Когда шапочку надел он на ее голову и муфту сунул ей в руки, он сам же повел ее к дверям на крыльцо, говоря:
– Вытри же глаза, Елинька! Нельзя же так! Подумают даже, что я тебя чем-нибудь обидел.
– Мукало!
– крикнул он своему кучеру.
– Доставишь барышню обратно.
– Слушаю, вашсокбродь!
– лихо ответил Мукало.
– Вырвикишка! Садись и ты!
– приказал Ревашов денщику, но тут же шепнул ему что-то на ухо, чего не заметила Еля, а тем более не могла расслышать.
Усаживал ее в экипаж он сам. Поцеловал ее в глаза и щеки, назвал "милой" и "солнышком". Потом, когда она уселась, зычно скомандовал:
– Трогай! На улицу Гоголя!
И сытая пара прекрасных, караковой масти лошадей сразу взяла крупную красивую рысь.
Разумеется, Еля сама должна была указать дорогу к дому своей матери, когда экипаж докатился до улицы Гоголя; Вырвикишка же, соскочив первым, помог ей выйти и сам открыл калитку, сказав при этом:
– Вы же не очень долго, барышня, щоб нам вас долго не ждаты.
– Долго не буду, - бодро ответила Еля, входя к себе во двор.
Она
А Еля, войдя в дом, искала глазами отца и не нашла; оторопело поглядела на Володю, на мать, кинулась потом к окну и не увидела экипажа, в котором приехала.
Она поняла, наконец, что Ревашов обманул ее, но удара такого не могла перенести. Что-то часто-часто замелькало перед ее глазами, потом перехватило дыхание, и она навзничь упала на пол без чувств.
Ближе к вечеру в тот же день, выслушав совершенно безмолвно все, что сказали ей мать и брат, она все-таки улучила время и, схватив пальто и шапочку, но без калош, выскочила на улицу, там оделась и побежала к дому Ревашова. Однако Вырвикишка не отворил для нее двери.
ГЛАВА ДЕВЯТНАДЦАТАЯ
ПАНСИОН ПРИКРЫЛИ
В этот день Иван Васильич Худолей пришел домой поздно. Совершенно убито сидел он и слушал, что ему говорили насчет Ели и Зинаида Ефимовна и Володя.
Сидел, молчал, не двигался, глядел в пол. Только выпил полстакана воды, куда налил на глаз, не считая, порядочно валерьянки.

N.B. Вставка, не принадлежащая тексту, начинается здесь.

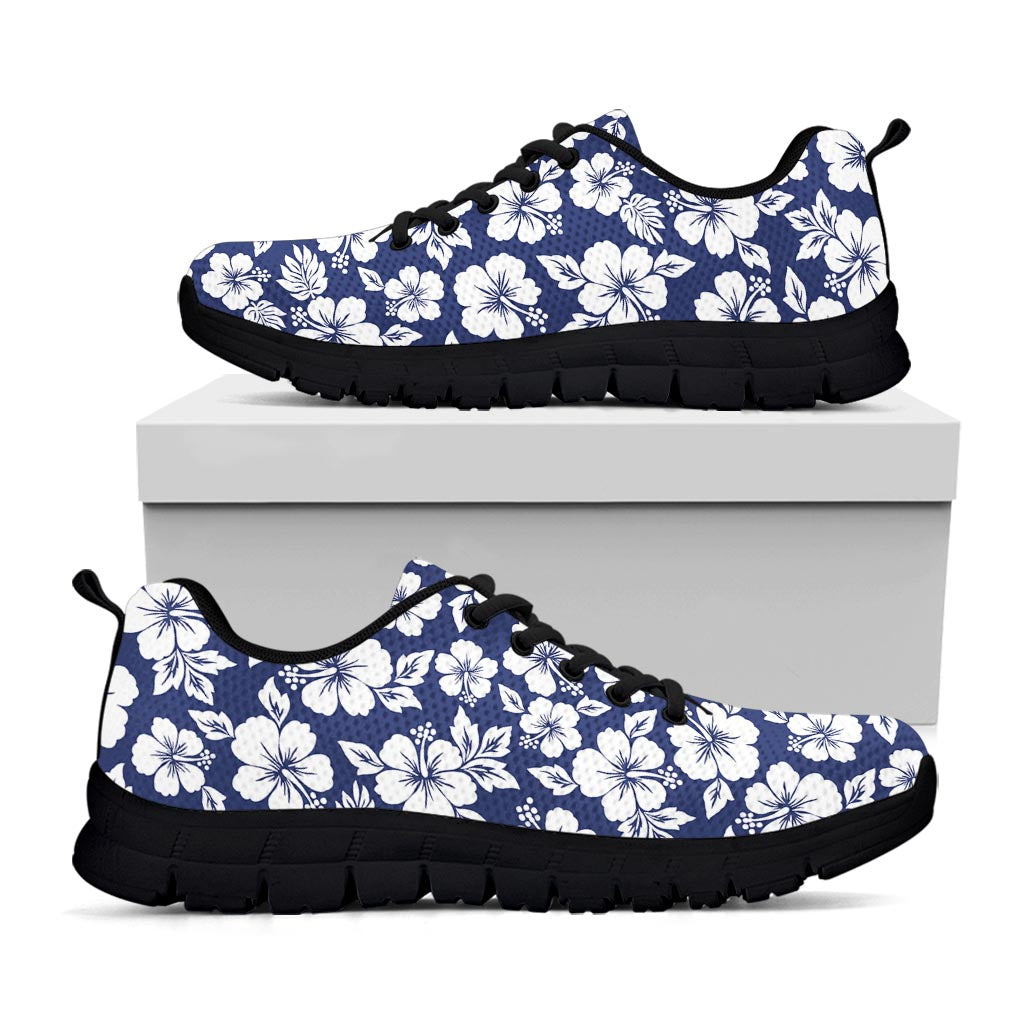 White Blue Hibiscus Floral Pattern Print Black Running Shoes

Раза два после возвращения домой Ели пила эти капли и Зинаида Ефимовна. Их же должна была пить из рук матери и Еля, когда пришла в себя после обморока. Это был день усиленного воздействия на всех почти в доме Худолеев этого пахучего лекарства. Однако, что касалось самого Худолея, то для него день этот оказался почти непереносимо тяжелым, тем более что настал он вслед за бессонной и совершенно бестолковой ночью.

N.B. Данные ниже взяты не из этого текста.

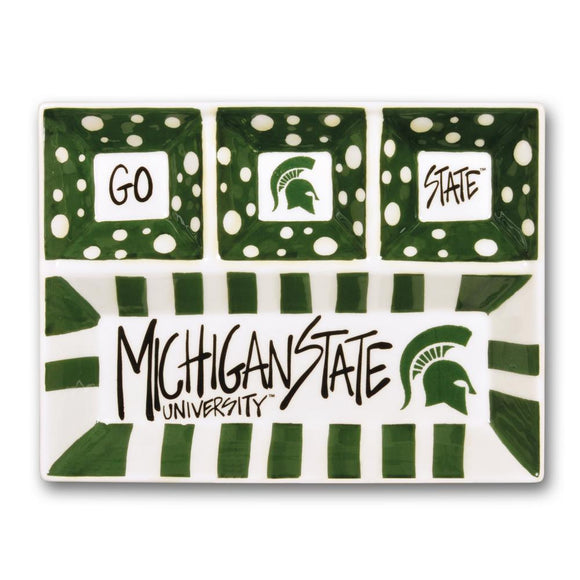 Magnolia Lane Michigan State Ceramic 4 Section Tailgating Serving Platter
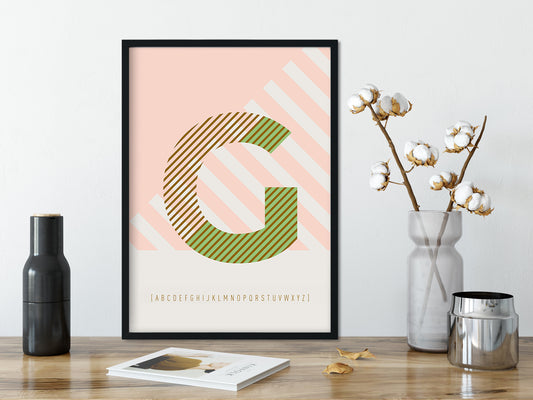 DRUCK ›G-TYPEFACE‹ / ABC, Wandbild, Typo-Poster, Kunstdruck, Alphabet, Typografie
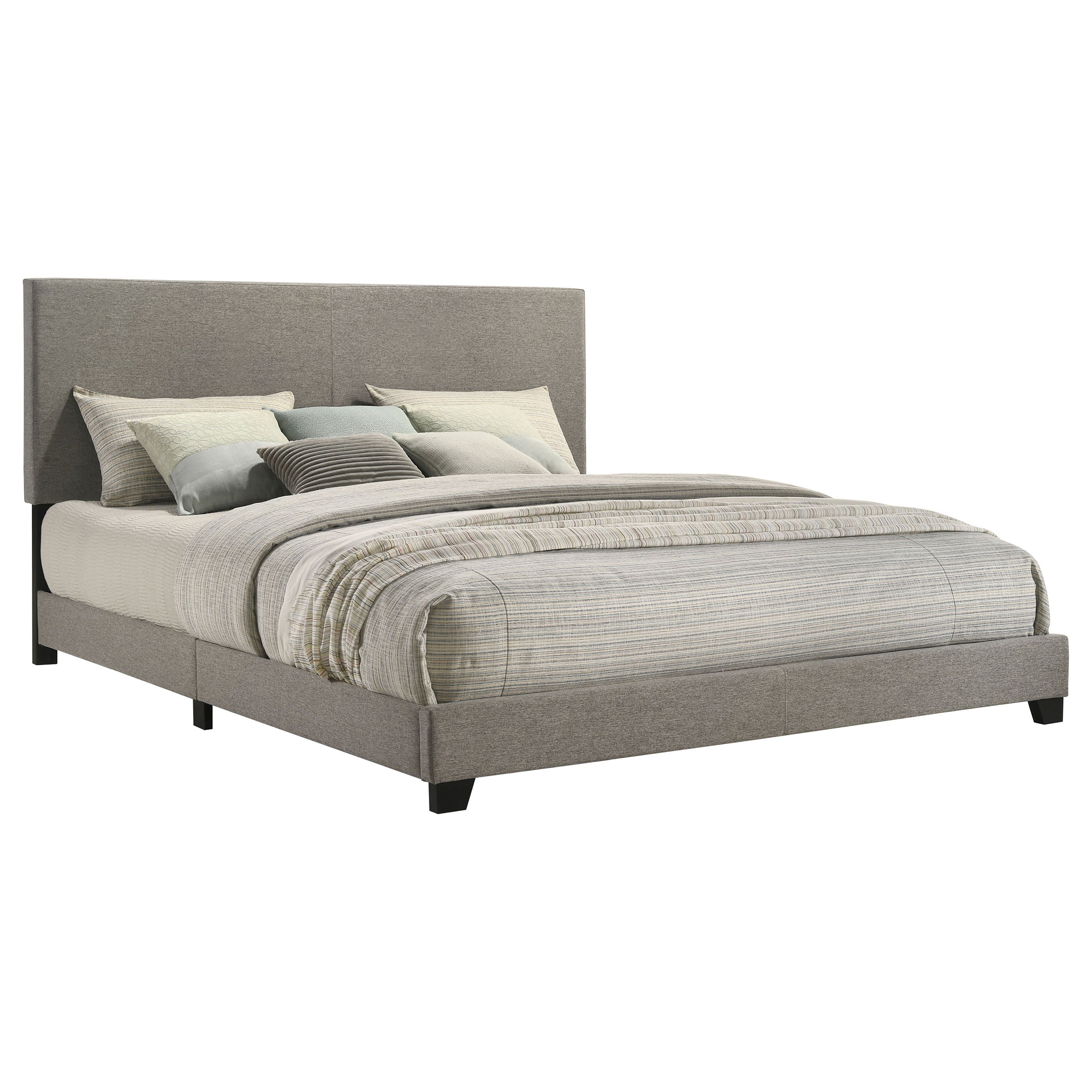 Dorian Fabric Upholstered Eastern King Panel Bed Taupe — view 1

Когда он вышел из двора казармы, то был еще полон и тем, что услышал от явно потрясенного поведением сестры Володи, и тем неудавшимся разговором в собрании с полковником Ревашовым, которого прежде никогда не приходилось ему видеть так близко, лицом к лицу.
Круглая, совершенно лысая голова, выпуклые глаза в мешках, обвисшие, обрюзгшие сизые щеки, двойной подбородок, - всему этому идет уже шестой десяток жизни, - притом какой жизни!
– и вот рядом с ним его девочка Еля, которой только еще шестнадцать лет!
Как будто часть его самого, притом большая часть, опоганена, огажена неотмывно, и на самого себя он смотрел брезгливо, точно только что, оступившись, упал в помойную яму...
Ни одной минуты он не был настроен против Ели, как Володя: он помнил, что она пошла к этому командиру конного полка просить у него заступничества за своего брата Колю, и он сам разрешил ей это, - у него тогда мелькнула надежда, что, может быть, ей удастся сделать то, что не удалось ему у губернатора.
Выходило так, что он сам отчасти был виноват в том, что случилось с Елей: кажется, ведь не было в его личной жизни недостатка в знакомстве с людьми, почему же он остался и до этого дня так преступно доверчивым к людям?